Statistics that may be computed include lemma occurrences for a certain POS, especially for closed class POS, or checking for the presence of sentence end punctuation that does not attach to the sentence root. As an abstract example, we have defined some predicate, sentence_pred, and some transformation of noun tokens, noun_token_transformation. If we wish to transform all nouns in sentences that match our predicate, we can write the following.

for sentence in train:
    if sentence_pred(sentence):
        for token in sentence:
            if token.pos == 'NOUN':
                noun_token_transformation(token)
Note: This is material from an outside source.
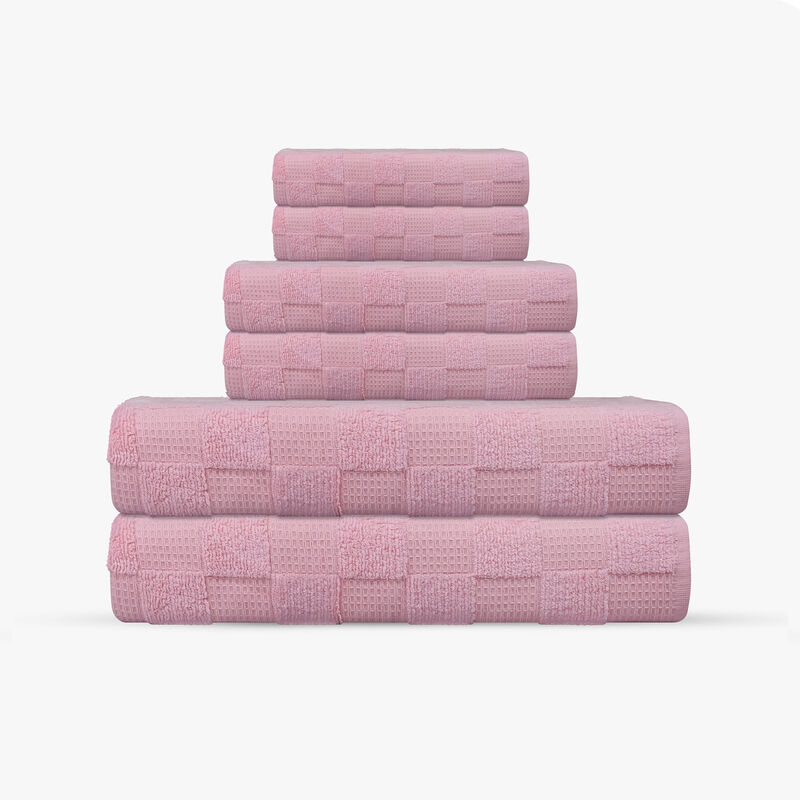 Waffle Terry 6 pcs Turkish Towels Set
Note that Conll objects in general in pyconll are mutable, except for a select few fields, and so the Token objects seen while traversing are the same Token objects that are in the Sentence, and any changes will be reflected in both code paths.

Outputting CoNLL-U

Finally, once you are done transforming a Conll object, the object can be serialized back into the CoNLL-U format. Following our example, this is done through, train.conll(). Conll, Sentence, and Token objects are all Conllable which means they have a corresponding conll method which serializes the objects contents appropriately according to the CoNLL-U format.

Conclusion

pyconll allows for easy CoNLL-U loading, traversal, and serialization. Developers still need to define their own logic for linguistic interpretation of the data in the CoNLL-U format, but working with the format is much more pleasing if you can worry about less. There are still some parts of the library that are not covered here such as SentenceTree, loading files from network, and error handling, but this information get developers through the most important use cases.